So, I can do without flying cars, thank you. No, what I'd like to see is sane and rational leaders ushering in those SFnal visions of world peace, an end to poverty and disease, inequality. That's a future I'm still waiting for, one that's still worth believing in and writing about. So I find myself both in agreement and taking issue with this article in the Guardian by Damien G Walter, "Science Fiction Doesn't Have to Be Gloomy, Does it?" But certainly I'm onboard with this sentiment: "The best science fiction, as with all great art, doesn't just reflect the world but seeks to influence it."
Update: Kathryn Cramer's "Gloom & Wartime SF: A reponse to Damien Walter" is worth checking out. "...what I would substitute for 'influence,' as a goal, is that writers provide us with perceptual tools with which to understand the world, the future, and what is to be done. I view science fiction partly as a set of perceptual tools we take with us into the world. I don’t think SF can be held responsible for finding solutions to all the world’s problems, but I think it is SF’s task to help us understand them."
Update 9/26/08: Jetsie de Vries alerts us to his lengthy response to Kathryn Cramer. He takes issue specifically with her comments about SF's scope of influence, and says, "Now shoot me, but I like to think SF that's really audacious, gutsy and forward-looking dares to make predictions against the flavour of the month. Dares to make totally unexpected predictions, and -- in the process -- dares to be wrong: but nevertheless inspires others to carry the torch of progress. Depicting a world like today that's going down the drain is easy: people love to complain, and blame the world's problems on someone else. Depicting -- convincingly -- a world that changes -- even if marginally -- for the better, is much more difficult, for an SF writer."
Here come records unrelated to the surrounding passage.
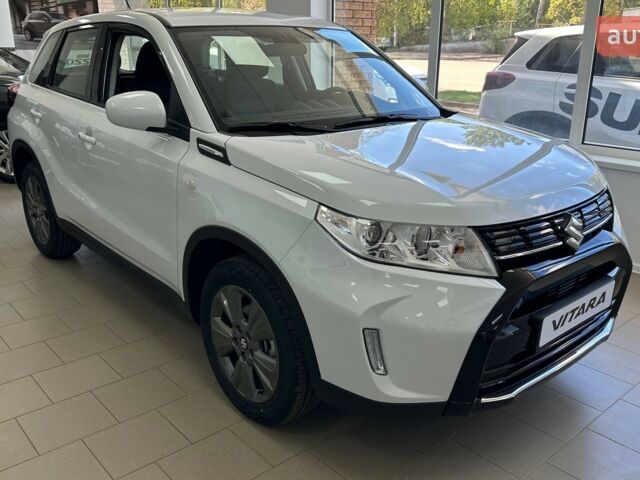 Сузуки Витара, объемом двигателя 1.37 л и пробегом 0 тыс. км за 23478 $, фото 2 на Automoto.ua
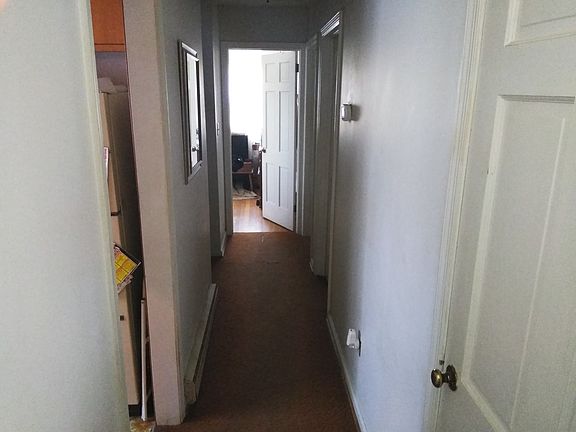 4th image of 256 Denbigh Blvd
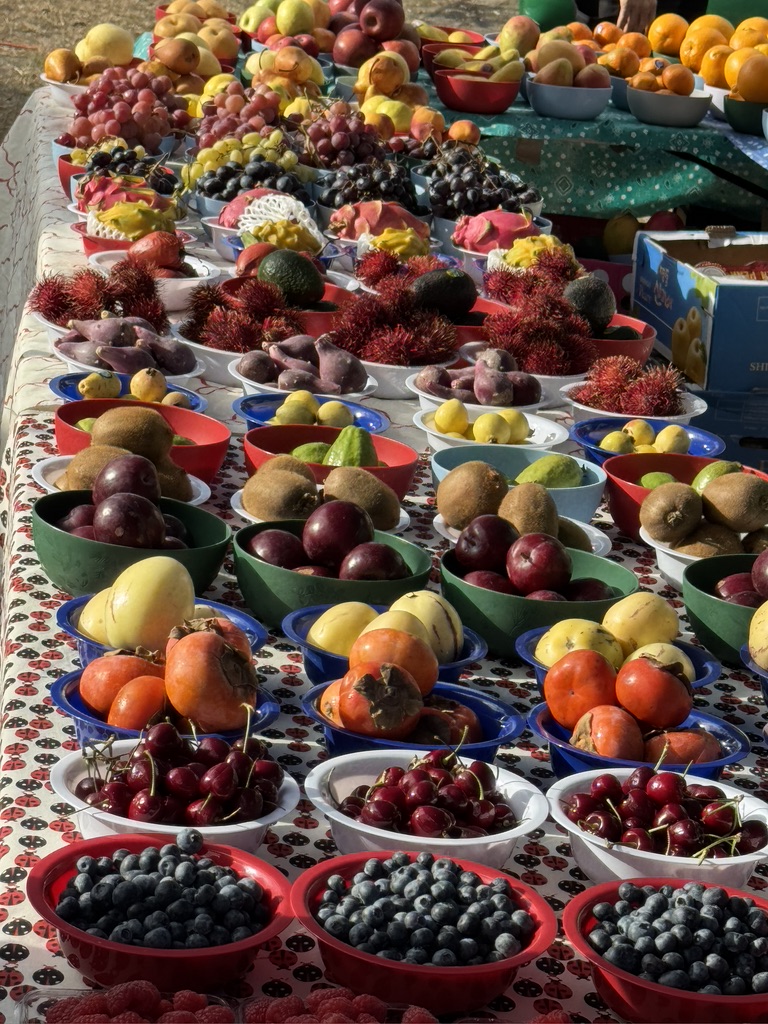 Fruit bowls on table 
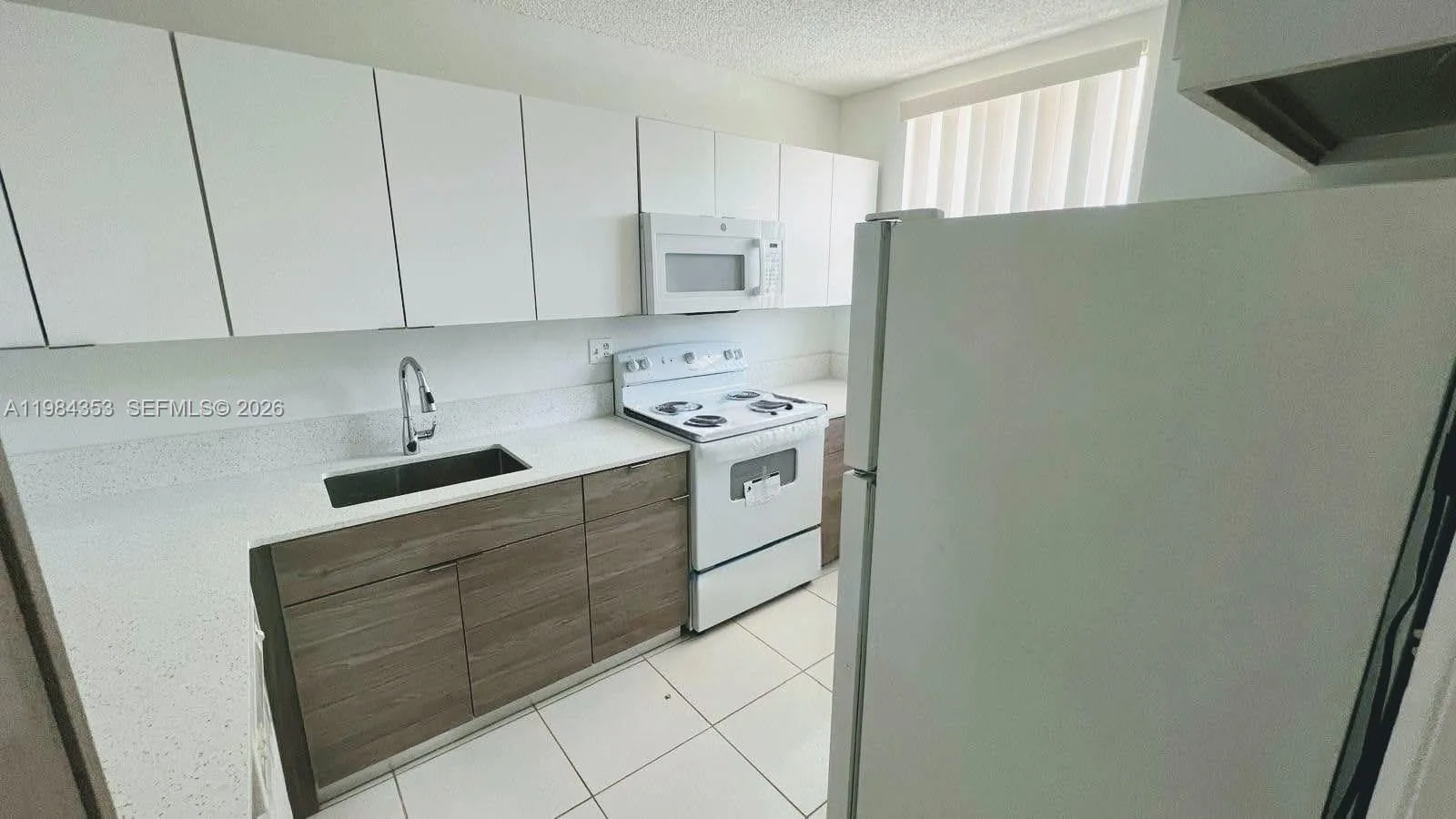 8429 Forest Hills Dr # 305, Coral Springs, FL 33065 photo 2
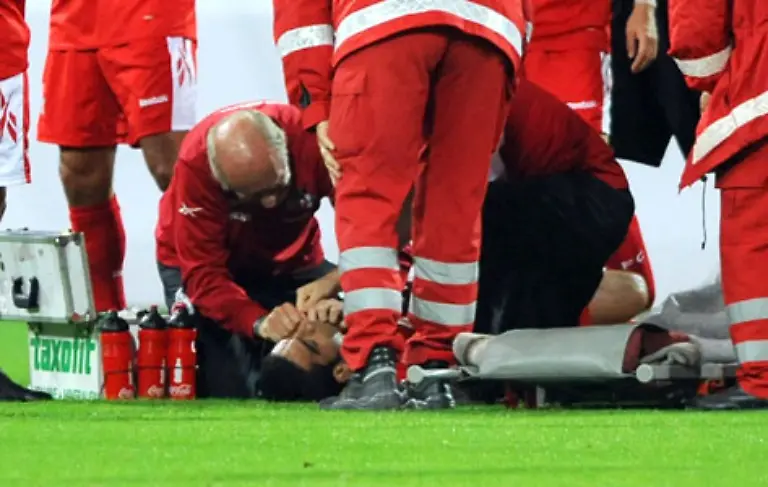 Hektisch-winkten-die-umstehenden-Spieler-Betreuer-und-Aerzte-auf-das-Spielfeld-die-sofortige-Wiederbelebungsmassnahmen-einleiteten-Oezat-ueberlebte-zur-Erleichterung-der-deutschen-Fussball-Gemeinde-Ob-er-in-die-Bundesliga-zurueckkehrt-ist-jedoch-voellig-unklar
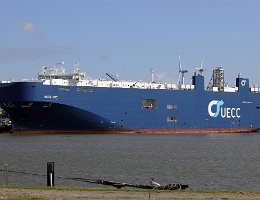 AUTO ECO - 181m [IMO:9736365] Autotransporter (Vehicles Carrier) Aufnahme: 2021-06-13 LNG- Antrieb Baujahr: 2016 | DWT: 16995t | Breite: 32,00m | Tiefgang: max. 9,60m |...
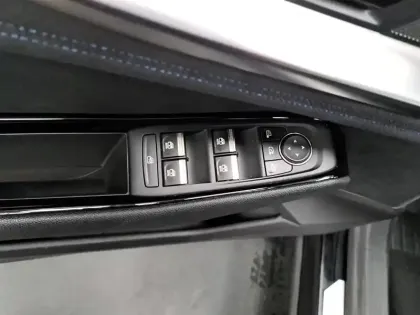 Photo 27 Renault Austral  E-Tech hybrid 200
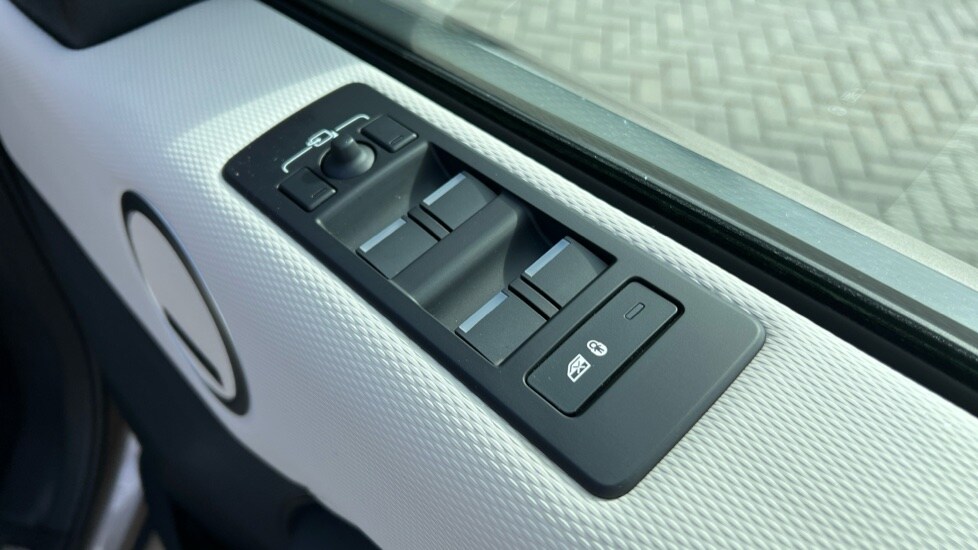 Used Land Rover Discovery 2024 for sale - 76074532: Photo 42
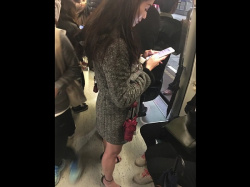【盗撮動画】即削除！電車内で目立っていた美魔女系美熟女を尾行してパンチラを攻略して公開ｗｗｗの画像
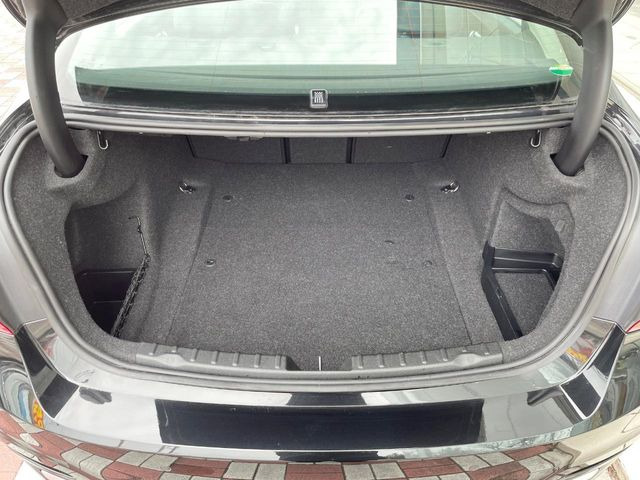 ���g�����N���[��:����L������e�X�y�[�X!���ꂾ���̍L��������΂��������⃌�W���[�Ȃǂɂ��œK�ł�!�g�p�������Ȃ����ꂢ�ȏ�Ԃ��ێ����Ă���܂��B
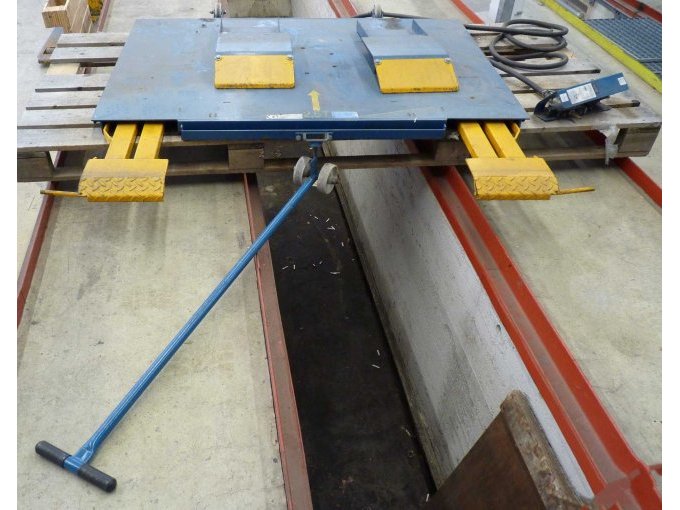 Ansicht von hinten. Bühne komplett zusammengebaut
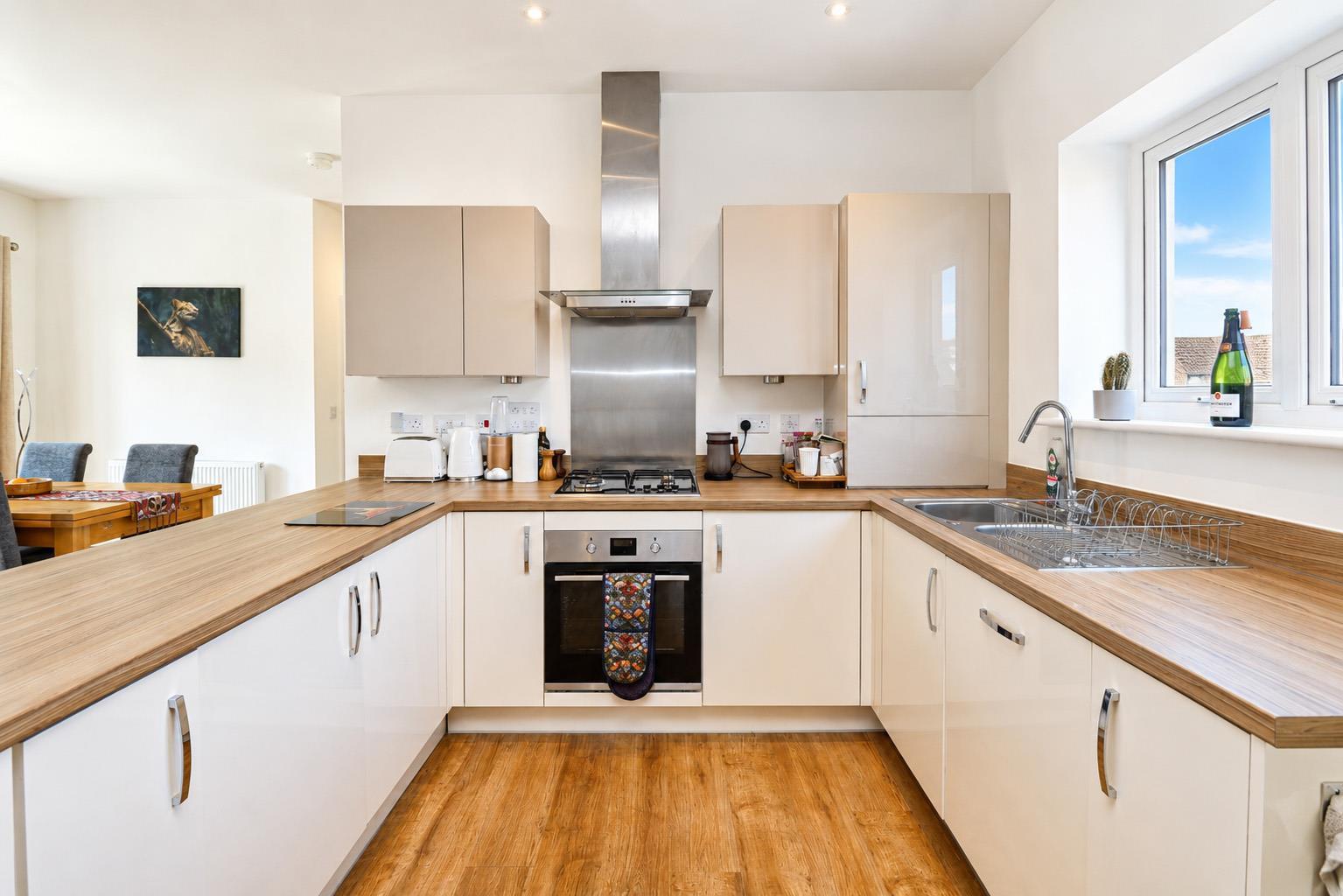 Property Image e60fbac8-97be-449b-9d89-431d0ccd1dae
In callng out SF's obligation to be audacious, to act as if it can change the world, whether or not that notion is realistic, he reminds me of one of my favorite quotes of all time:
The reasonable man adapts himself to the world; the unreasonable one persists in trying to adapt the world to himself. Therefore all progress depends on the unreasonable man.
--George Bernard Shaw, Maxims for Revolutionists
8 comments:
On the subject of the relative desirability of flying cars and Skype, I had an exchange with Ben Rosenbaum that you might find interesting; it's in the comments to his blog entry Jetpack or IM.
Walter's argument falls flat in the first paragraph: "It's at times like these that people seek escape in the pages of popular fiction."
Bingo. I am also tired of people who are sure we read for escapism. Escapism for me is American Idol.
My take on this is
here.
(Actually, Damien Walter posted on this first on
September 4, after a certain event.)
Well said.
Flying cars sound pretty scary to me, especially when you imagine all those people flying around talking on cell phones. The technological wonders we do have go way beyond anything I imagined while I was watching The Jetsons and Star Trek as a kid.
Exactly. I'll take the ability to regrow a defective heart over a flying car any day.
Everything is controlled from the motorcycle-like handle bar. Push it forward and the two counter-rotating blades pivot forward. Push it back and it goes back. Norris says you won’t need a pilot’s license if you fly it under 400 feet in non-restricted air space. And he’s going to sell.